The NYT reports:
The former F.B.I. director and his deputy, both of whom former President Donald J. Trump wanted prosecuted, were selected for a rare audit program that the tax agency says is random.
The odds of being selected for that audit in any given year are tiny — out of nearly 153 million individual returns filed for 2017, for example, the I.R.S. targeted about 5,000, or roughly one out of 30,600.
I'm trying to understand how we can know if these are independent events -- just in terms of the statistics, without knowing anything more about the case.
If we say independence means: P(XY) - (P(X) + P(Y)) = 0
Then we are saying: the probability of the joint occurrence is equivalent to the linear addition of the individual probabilities.
So is this true?
Let's say the process of selection is not random but is instead corrupt and the two have not yet been selected for tax audit. It's 2017, and the probability of joint occurrence (P(XY)) is high, say 95%.

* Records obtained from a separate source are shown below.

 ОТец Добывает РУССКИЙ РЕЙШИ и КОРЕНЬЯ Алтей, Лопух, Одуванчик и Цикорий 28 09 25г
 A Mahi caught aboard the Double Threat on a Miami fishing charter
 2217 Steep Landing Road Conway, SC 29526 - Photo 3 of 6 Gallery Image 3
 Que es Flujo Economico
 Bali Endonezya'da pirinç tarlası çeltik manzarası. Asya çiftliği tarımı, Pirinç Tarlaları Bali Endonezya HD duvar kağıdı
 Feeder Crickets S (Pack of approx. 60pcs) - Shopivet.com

On the face of it, the probabilities do not seem independent. However, maybe they are. We could say that the probability that one gets audited is 1/30,600 (P(X)) and the other is also 1/30,600 (P(Y)).
That implies dependence by our definition, even though this doesn't intuitively make sense to me. Is it correct to think about the joint probabilities this way?
It seems intuitively that once you know that one is selected, the odds the other is selected goes up massively. So there's some dependence.
But should we simply consider the individual probabilities so low -- or should they also be much higher because each person has a high chance of being audited, jointly or not? I'm confused how we rate individual probabilities in this instance and how it connects to independence.